Po czterech latach przerwy na pole bitwy wraca jeden z czołowych obecnie reprezentantów naszego rodzimego heavy metalu. I cóż to jest za powrót! Z hukiem, przytupem i pompą, Crystal Viper nie bierze jeńców! Znając cały poprzedni dorobek grupy z ręką na sercu mogę powiedzieć, że to najlepszy materiał jaki do tej pory nagrali, przeszli samych siebie. W takim stylu wraca się do gry! Na "Queen of the Witches" widać ogrom włożonej pracy, sporo nowych, ciekawych pomysłów, różnorodności (wciąż zachowując swój własny oryginalny styl oraz brzmienie) i przede wszystkim autentyczną pasję i radość z grania, totalne oddanie wykonywanej sztuce! A to jest przecież w tym wszystkim najważniejsze i to powinno cenić się najwyżej!

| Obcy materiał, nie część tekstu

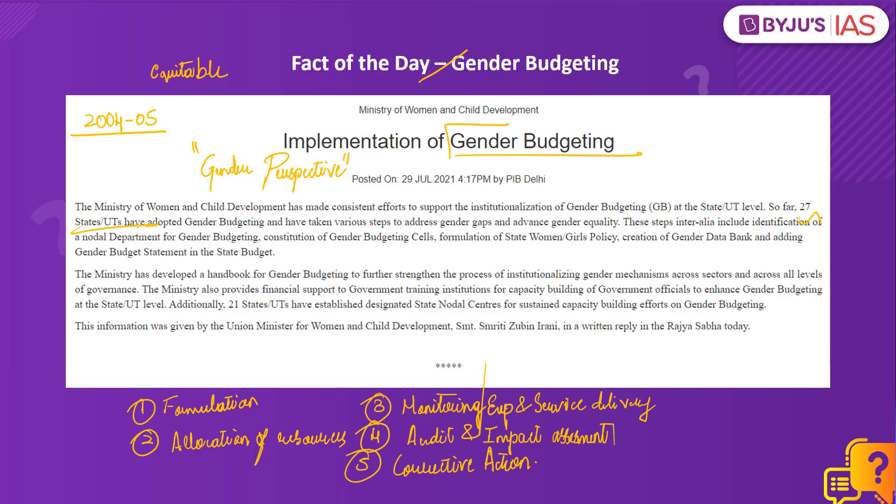The Ministry of Women and Child Development has been making consistent efforts to institutionalize gender budgeting. Steps being taken include identification of a nodal department for gender budgeting, constituting gender budgeting cells, formulation of policy, creation of a gender data bank, and adding a gender budget statement in the state budget. That is all for today. Thank you for being with us. Keep watching and keep learning.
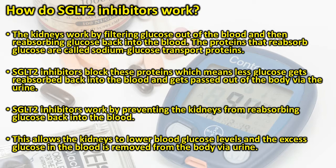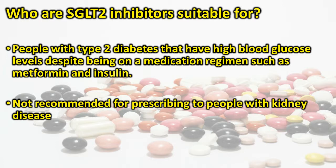How do SGLT2 inhibitors work? The kidneys work by filtering glucose out of the blood and then reabsorbing glucose back into the blood. The proteins that reabsorb glucose are called sodium glucose transport proteins. SGLT2 inhibitors block these proteins, which means less glucose gets reabsorbed back into the blood and instead gets passed out of the body via the urine.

Album otwiera najbardziej zadziorna i najcięższa kompozycja na płycie "The Witch is Back" (Istotnie! I ten krzyk Marty na samym początku, jest moc!), miejscami niemal thrashowa, co w przypadku Crystal Viper nie lada zaskoczenie, ale rzecz jasna bardzo miłe, pomysł na taki utwór jak najbardziej się sprawdził i otworzył wrota albumu mocarnym kopem. Potem mamy "I Fear No Evil", który wraz z zamykającym płytę coverem "See You in Hell" jest ewidentnym hołdem dla, rzecz jasna Grim Reaper, ale także całego nurtu NWOBHM. Zespół nie byłby sobą gdyby nie zaserwował nam jakiś klimatycznych ballad, a tutaj mamy ich aż trzy. Nastrojowe "Trapped Behind" oraz "We Will Make It Last Forever" zaśpiewany z gościnnym udziałem wokalisty Saracen Steve'a Bettney'a oraz cięższe "When the Sun Goes Down" z moim zdaniem jedną z najlepszych linii wokalnych Marty w całym dorobku zespołu. Pozostała część rozkładu jazdy to już same skondensowane dynamity. "Do or Die" to delikatne puszczanie oka w kierunku Running Wild, notabene bardzo udana inspiracja ową klasyką niemieckiego heavy metalu, no i jeszcze gościnny udział Rossa The Bossa. "Burn my Fire" to kawałek iście maidenowski z naprawdę fajne odegranymi solowymi partiami gitar (Żelazna Dziewica byłaby rada!), natomiast "Flames and Blood" (z udziałem Mantasa z Venom) to poniekąd nawiązanie do amerykańskiego speed metalu znanego z twórczości takich grup jak chociażby Exciter. "Rise of the Witch King" natomiast odsyła nas do pierwszych dźwięków płyty. Jest to także kawał solidnego, heavy metalowego łojenia, odrobinę bardziej melodyjnego niż to reprezentowane przez "The Witch is Back", ale wciąż z tym samym pazurem.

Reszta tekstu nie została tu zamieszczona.